Like The Long Walk, this is another novel which Stephen King initially wrote under the pseudonym of Richard Bachman. It was one of his early books which I quite wanted to read because it’s very different to King’s traditional horror fare, being more of a science fiction thriller. It’s probably more famous for the Arnold Schwarzenegger film adaptation, which is only loosely based on the book, and which neatly slots into the so-bad-it’s-good category. (It’s probably also the most Eighties film ever made, even more than Back to the Future).

The Running Man takes place in then-distant 2025, when America has become a polluted dystopian wasteland where the rich rule over the poor and the masses are kept entertained by nightly gladiatorial game shows in which contestants compete for their lives. Ben Richards is a poverty-stricken 28-year-old father whose baby daughter is dying of pneumonia, who makes the difficult decision to enter the deadliest game show of all: The Running Man, in which the contestant must survive as long as possible while being hunted across America by a team of killers.

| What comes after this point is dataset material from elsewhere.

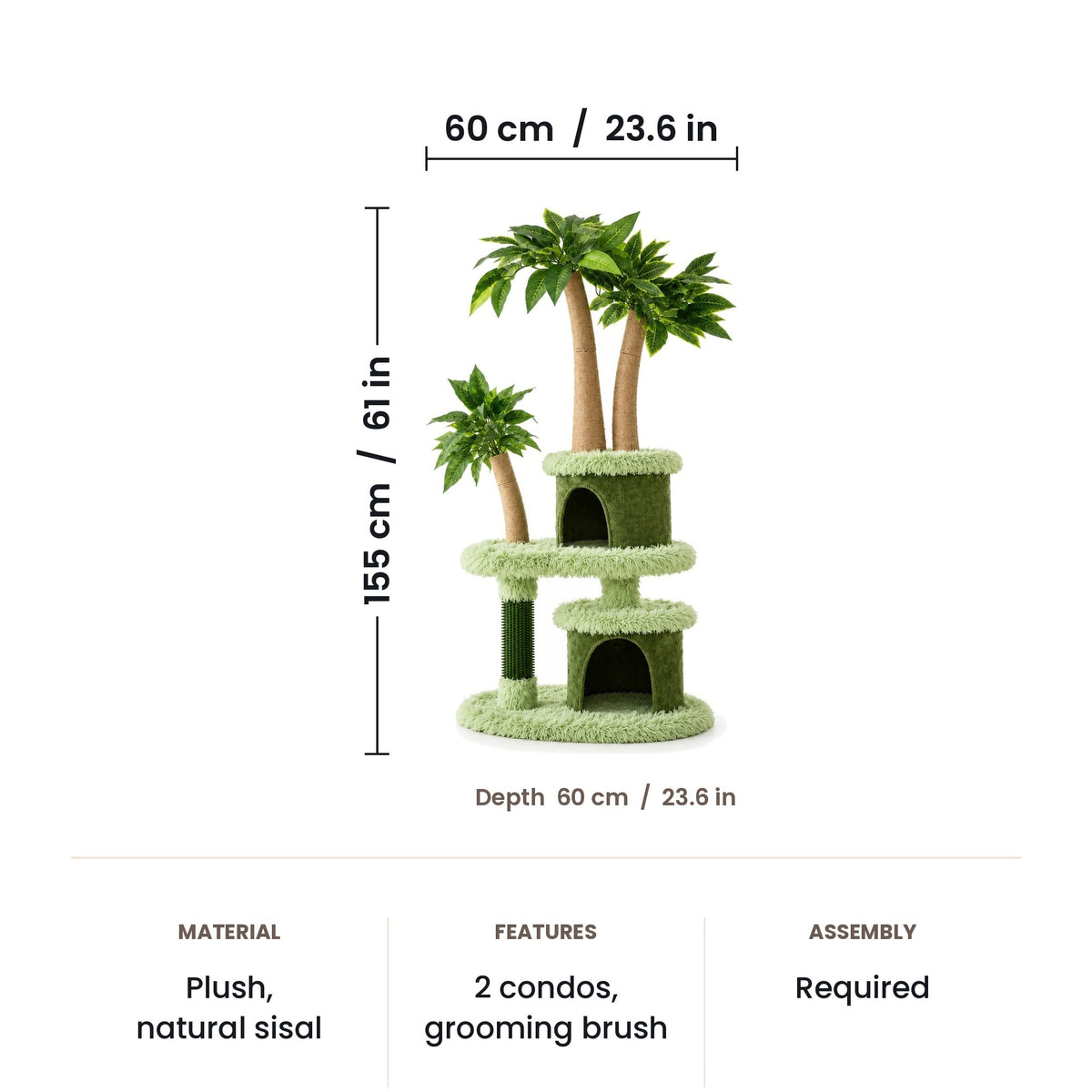 Leaf canopy cat tree dimensions: 60 x 60 x 155 cm (23.6 x 23.6 x 61 in)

A down-and-out protagonist struggling to feed his family is a running theme in much of King’s early fiction, reflecting his own circumstances for much of his early life – married young, kids to feed, living in a trailer, working dead-end jobs. There’s an undercurrent of anger in The Running Man, as Richards rails against the injustice of the gap between rich and poor, and as the novel heats up towards the end there’s the sense of a brewing class war. The dystopian future America of The Running Man is obviously an exaggerated vision (whether one looks at it from 1982 or 2013) but there’s no doubt it was born from very real thoughts and observations King made about his own situation as a young man in the 1970s. (Although it’s very… American of King never to lay the blame on capitalism itself. For a foreign writer – or perhaps even a modern American writer – that would be considered an indisputable fact.)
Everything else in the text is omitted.